Partition pruning is a complex process. The optimizer must extract relevant partition information based on the partition details of the user's table and the conditions specified in the SQL statement. Due to the complexity of the conditions in the SQL statement, the extraction logic becomes more complex. This process is handled by the Query Range sub-module in OceanBase Database.

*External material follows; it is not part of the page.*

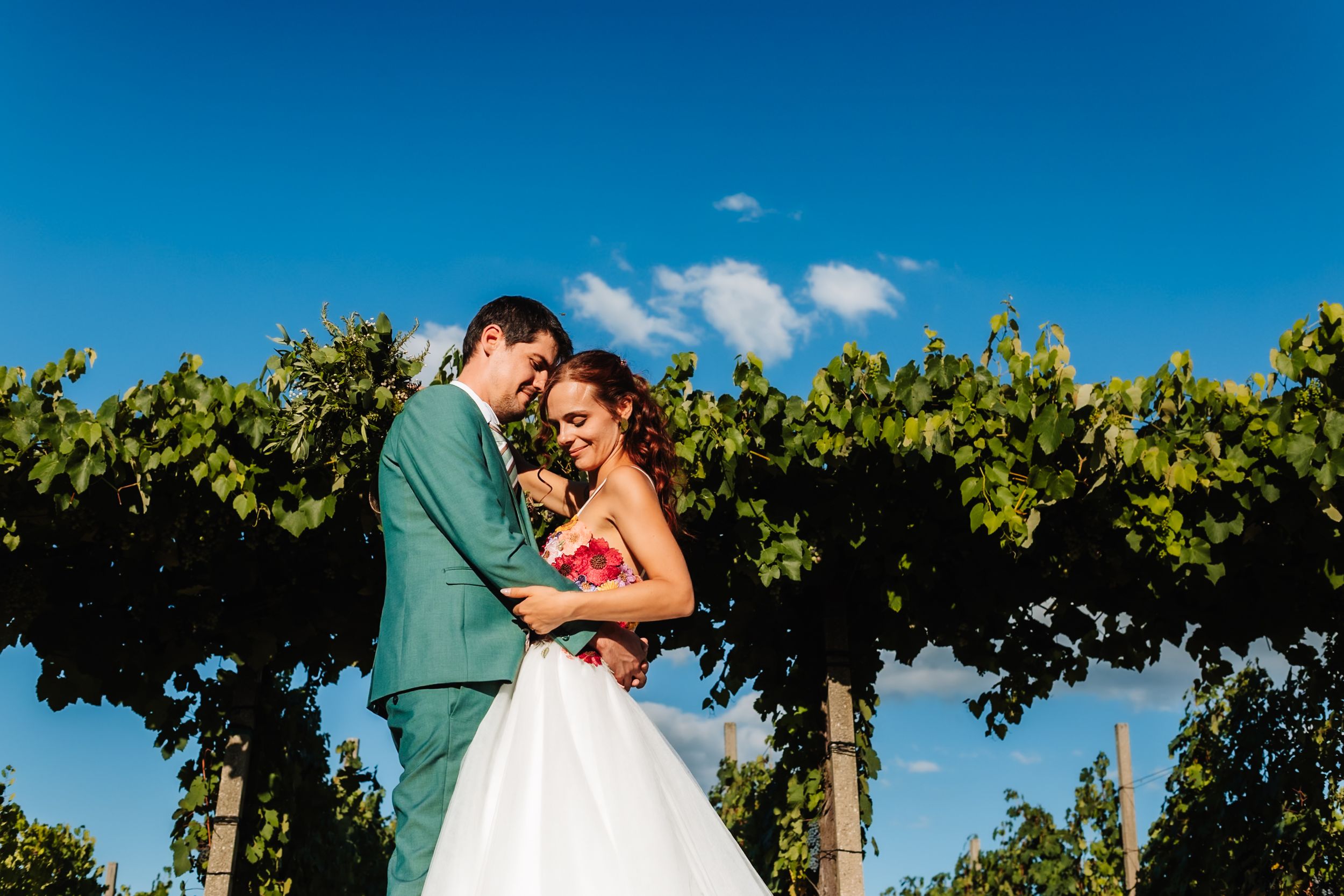 Couple embraces among lush vineyard rows under a bright blue sky, bride in white gown and groom in teal suit.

When you access a partitioned table, all data where col1 is 1 is located in partition p1. Therefore, you only need to access partition p1 and not partitions 0, 2, 3, or 4. Here is an example:
obclient> CREATE TABLE tbl1(col1 INT,col2 INT) PARTITION BY HASH(col1) PARTITIONS 5;
obclient> SELECT * FROM tbl1 WHERE col1 = 1;
You can use the EXPLAIN statement to view the execution plan and see the results of partition pruning:
obclient> EXPLAIN SELECT * FROM tbl1 WHERE col1 = 1 \G
*************************** 1. row ***************************
Query Plan: ===================================
|ID|OPERATOR |NAME|EST. ROWS|COST|
-----------------------------------
|0 |TABLE SCAN|TBL1|990 |383 |
===================================
Outputs & filters:
-------------------------------------
0 - output([TBL1.COL1], [TBL1.COL2]), filter(nil),
access([TBL1.COL1], [TBL1.COL2]), partitions(p1)
1 row in set
Principles of partition pruning
HASH and LIST partitioning
Partition pruning involves using the conditions in the WHERE clause to calculate the values of the partitioning columns and then determining which partitions need to be accessed based on the results. If the partitioning condition is an expression that appears as a whole in an equality condition, partition pruning can also be performed.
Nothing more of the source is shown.